**DATA TO EXAMINE**
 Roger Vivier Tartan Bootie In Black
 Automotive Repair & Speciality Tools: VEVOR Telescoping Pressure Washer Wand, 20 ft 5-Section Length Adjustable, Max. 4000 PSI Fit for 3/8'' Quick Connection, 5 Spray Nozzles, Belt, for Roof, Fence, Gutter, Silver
...
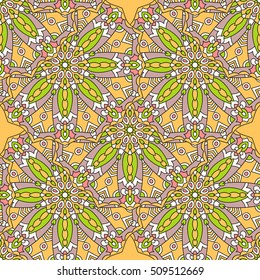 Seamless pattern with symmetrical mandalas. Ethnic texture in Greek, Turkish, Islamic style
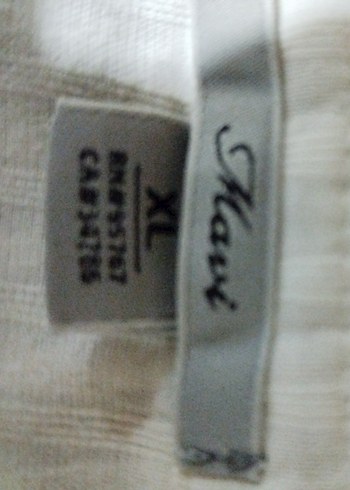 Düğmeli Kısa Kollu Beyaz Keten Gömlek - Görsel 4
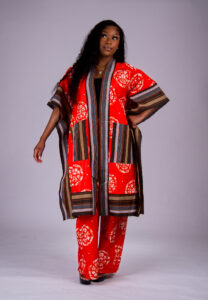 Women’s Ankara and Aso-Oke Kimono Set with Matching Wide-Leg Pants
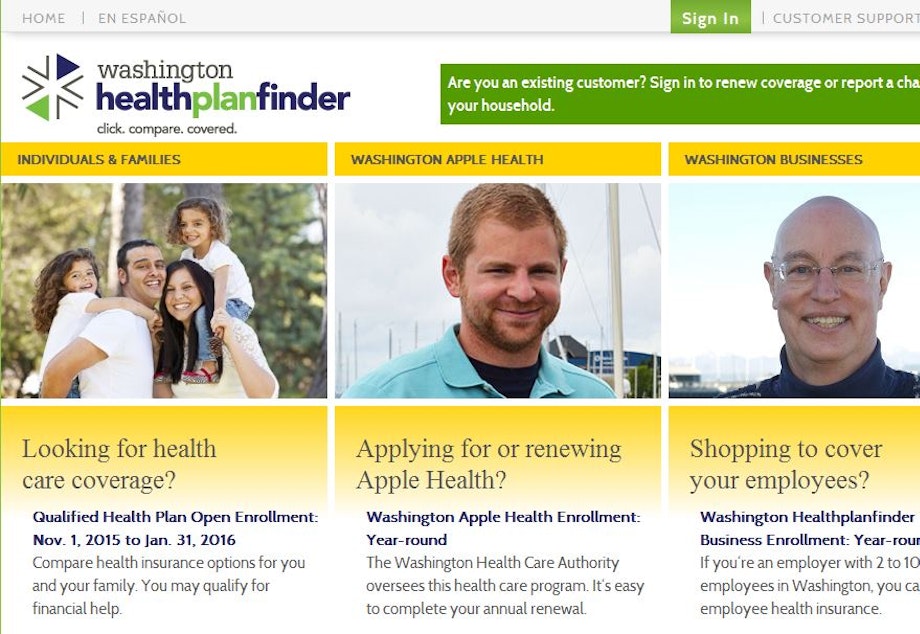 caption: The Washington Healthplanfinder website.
--
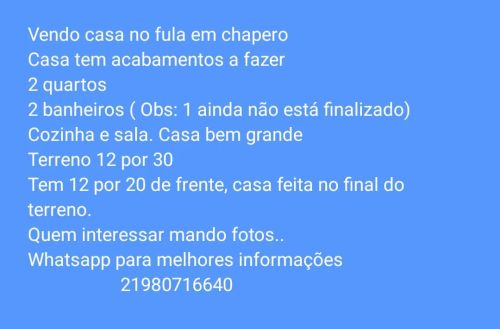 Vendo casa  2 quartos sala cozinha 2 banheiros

**YOUR OBJECTIVE**
Reproducing the whole listing above is not the task. Copy exactly only the lines from the one with "Roger Vivier Tartan Bootie In Black" to the one with "Automotive Repair &", both kept.

**ANSWER TO THIS PROBLEM**
 Roger Vivier Tartan Bootie In Black
 Automotive Repair & Speciality Tools: VEVOR Telescoping Pressure Washer Wand, 20 ft 5-Section Length Adjustable, Max. 4000 PSI Fit for 3/8'' Quick Connection, 5 Spray Nozzles, Belt, for Roof, Fence, Gutter, Silver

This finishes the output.